Strimzi Failure Modes

Coverage

Injection Type Danger Experiment Description
PodKill low cluster-operator/pod-kill.yaml Killing the cluster-operator pod triggers a Deployment rollout. Kafka clusters remain running.
NetworkPartition medium cluster-operator/network-partition.yaml Isolating the cluster-operator from the API server stalls Kafka cluster reconciliation.
LabelStomping high cluster-operator/label-stomping.yaml Overwriting a label on the cluster-operator Deployment tests OLM label reconciliation.
QuotaExhaustion high cluster-operator/quota-exhaustion.yaml Applying zero-limit ResourceQuota prevents new pod creation.
RBACRevoke high cluster-operator/rbac-revoke.yaml Revoking ClusterRoleBinding blocks Kafka resource reconciliation.
DeploymentScaleZero high cluster-operator/deployment-scale-zero.yaml Scaling the Deployment to zero replicas. OLM does not restore replicas.
LeaderElectionDisrupt medium cluster-operator/leader-election-disrupt.yaml Deleting the leader election Lease forces re-election.
ConfigDrift high cluster-operator/config-drift.yaml Corrupting operator configuration tests self-healing.

Experiment Details

cluster-operator

cluster-operator-pod-kill

  • Type: PodKill
  • Danger Level: low
  • Component: cluster-operator

Killing the Strimzi cluster-operator pod triggers a Deployment rollout that recreates it. Existing Kafka clusters remain operational since they run independently.


cluster-operator-network-partition

  • Type: NetworkPartition
  • Danger Level: medium
  • Component: cluster-operator

Isolating the cluster-operator from the API server stalls Kafka cluster reconciliation. Existing clusters continue serving traffic. After the partition is lifted, the operator reconnects and processes backlogged reconciliation events.


cluster-operator-label-stomping

  • Type: LabelStomping
  • Danger Level: high
  • Component: cluster-operator

Overwriting a label on the cluster-operator Deployment tests whether OLM detects and restores the label.


cluster-operator-quota-exhaustion

  • Type: QuotaExhaustion
  • Danger Level: high
  • Component: cluster-operator

Applying a zero-limit ResourceQuota to the namespace prevents new pod creation. The chaos framework removes the quota via TTL-based cleanup.


cluster-operator-rbac-revoke

  • Type: RBACRevoke
  • Danger Level: high
  • Component: cluster-operator

Revoking the cluster-operator's ClusterRoleBinding blocks Kafka resource reconciliation. The pod remains running but cannot manage Kafka clusters. After rollback, reconciliation resumes.

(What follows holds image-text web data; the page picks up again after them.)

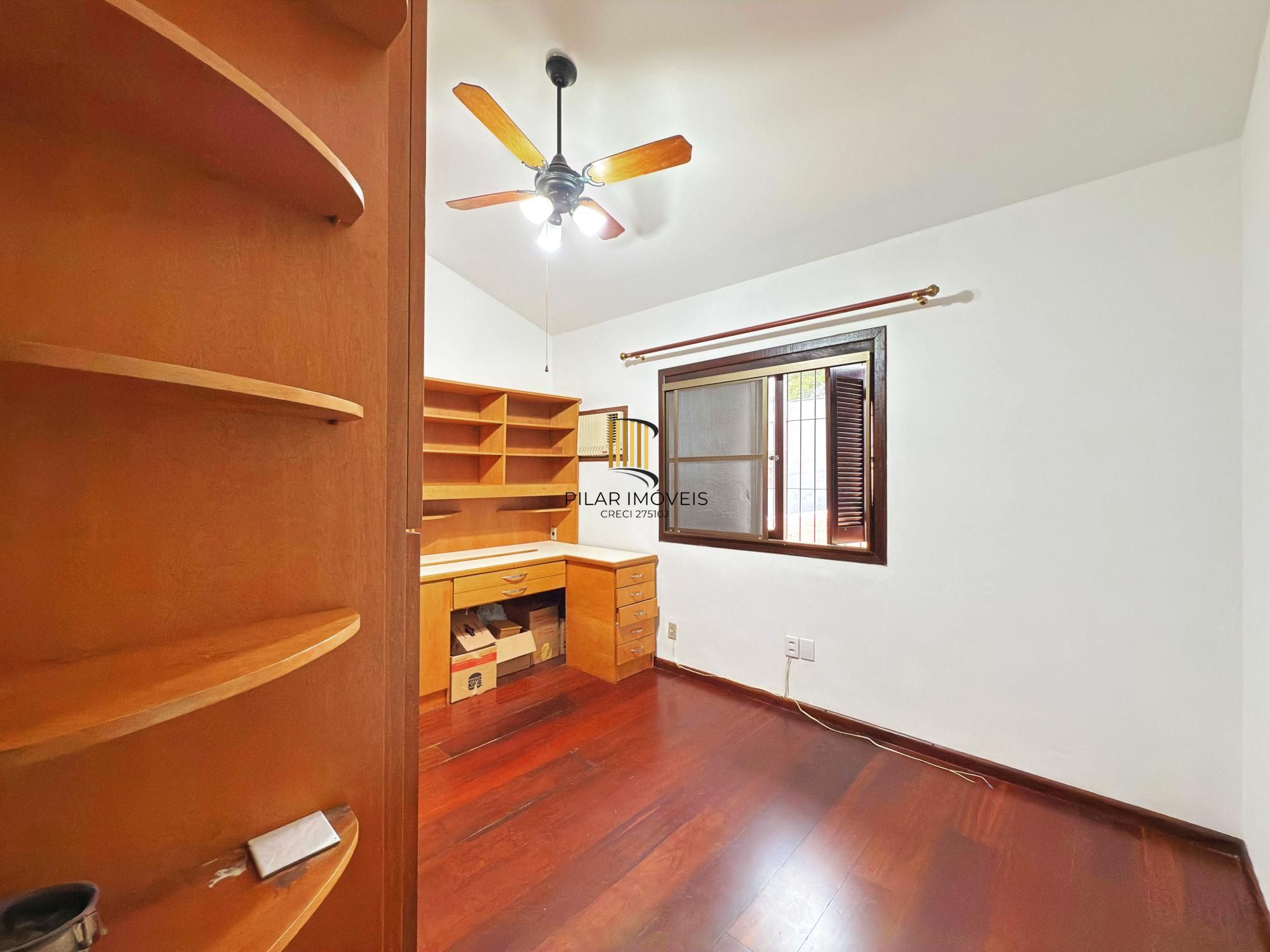 Residência á venda no bairro Guarujá com 2 dormitórios.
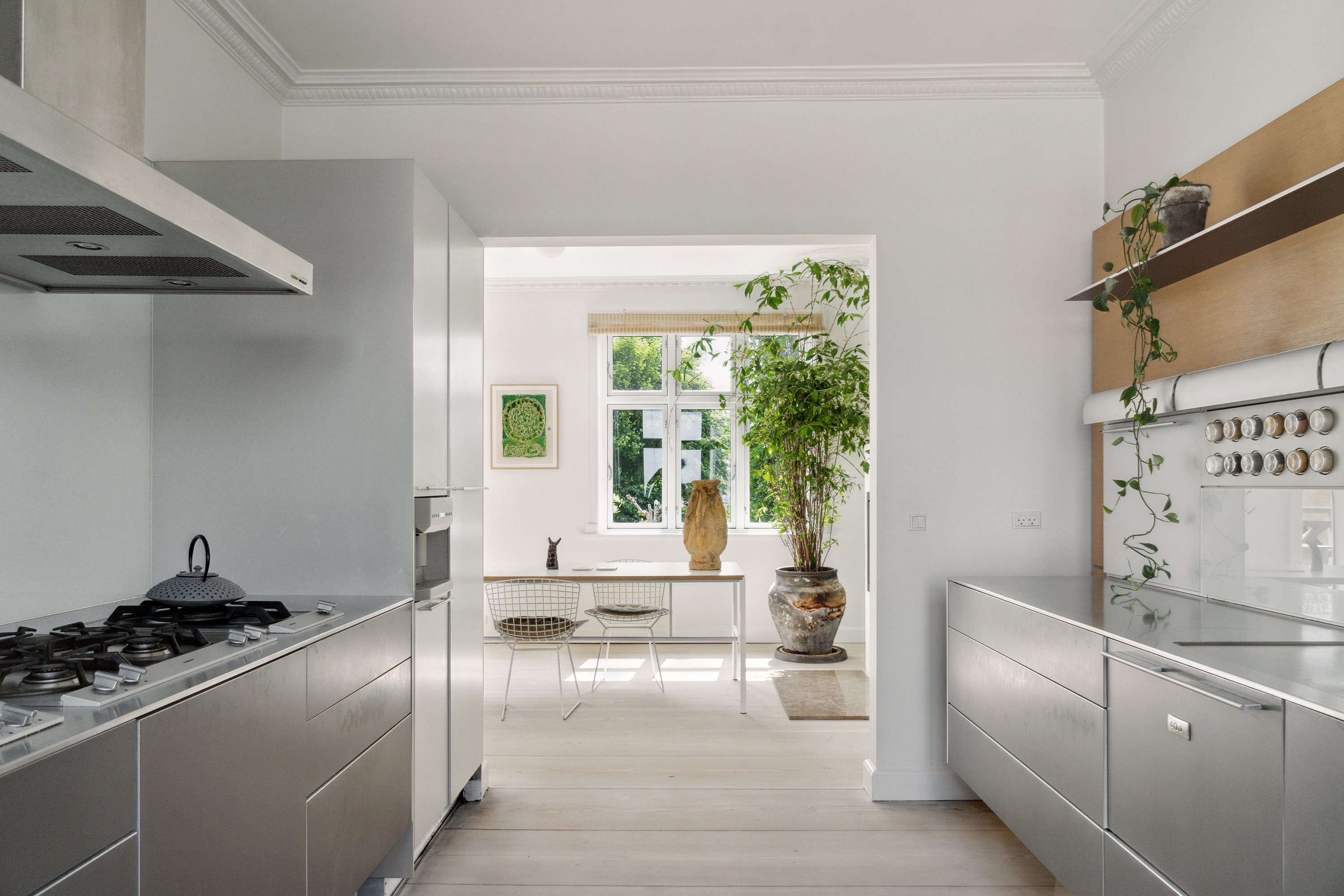 Fremhævet  billede i fuldskærmstilstand. Billede af Becksvej 1, 1., 2930 Klampenborg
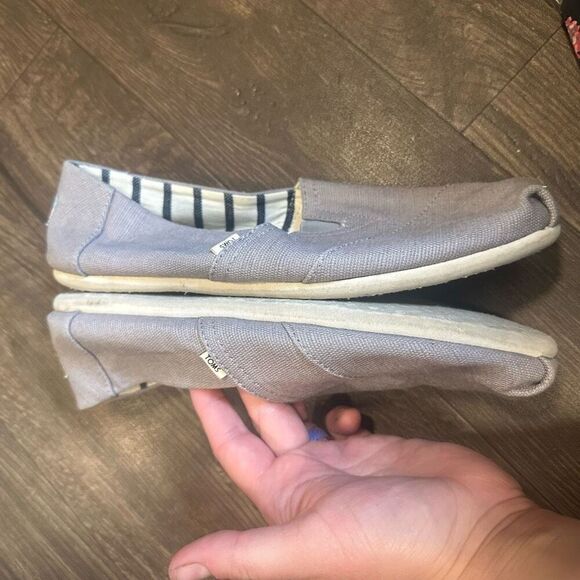 Tom’s gray slip on minimalist basics normcore size 10 shoes - Picture 3 of 5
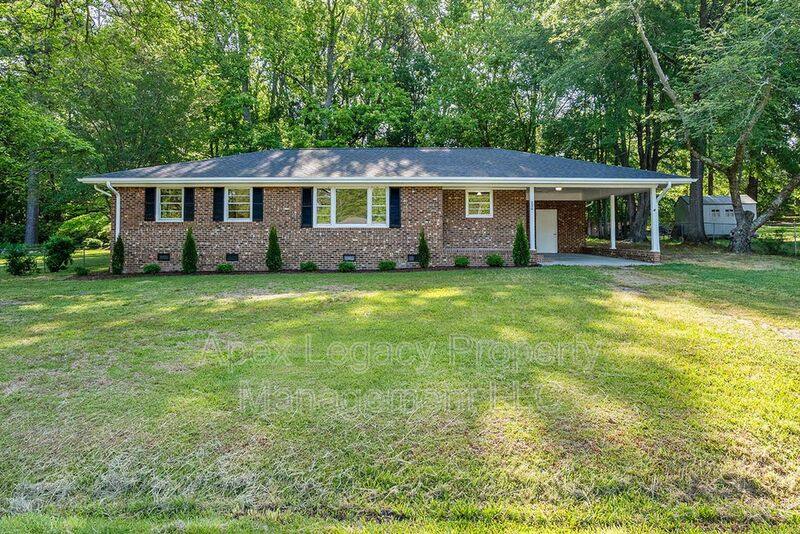 House for rent at 220 Alan St, Angier, NC 27501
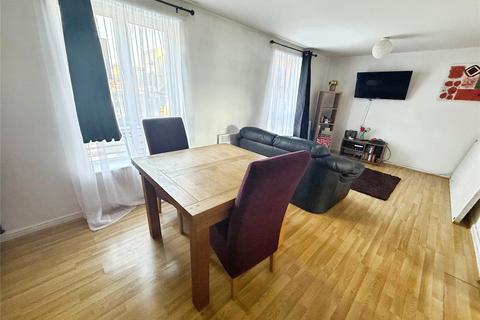 2 bedroom flat for sale, Chantry Close, London SE2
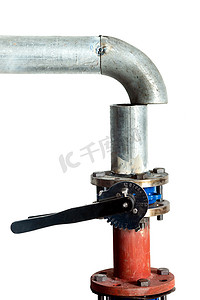 安装高压水管。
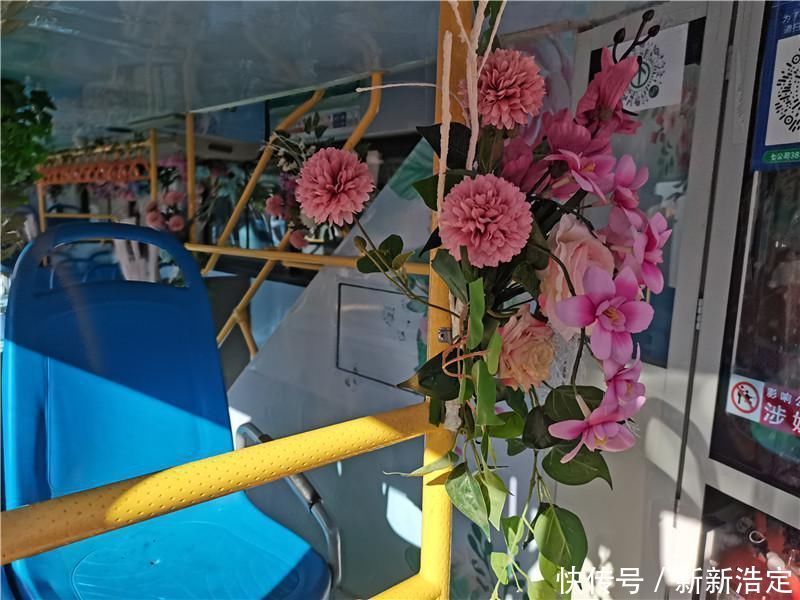 一路繁花似锦 呈贡游1路公交车盛装出发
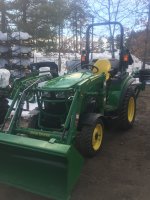 Deere 2038R 02.jpg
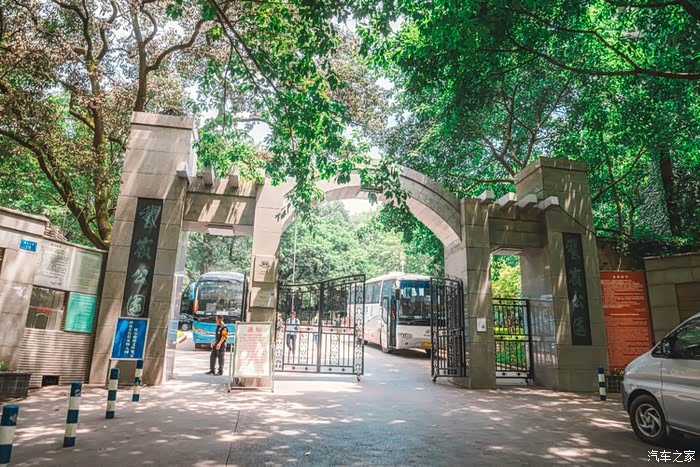 重庆有一地   大白鹅站在岭上,从高往下看重庆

cluster-operator-deployment-scale-zero

  • Type: DeploymentScaleZero
  • Danger Level: high
  • Component: cluster-operator

Scaling the cluster-operator Deployment to zero replicas. OLM does not automatically restore the replica count, making this a Degraded finding.


cluster-operator-leader-election-disrupt

  • Type: LeaderElectionDisrupt
  • Danger Level: medium
  • Component: cluster-operator

Deleting the leader election Lease forces the cluster-operator to re-acquire leadership. During re-election, reconciliation is temporarily paused.


cluster-operator-config-drift

  • Type: ConfigDrift
  • Danger Level: high
  • Component: cluster-operator

Corrupting the operator's configuration tests whether the operator or its controller can detect and restore correct configuration values.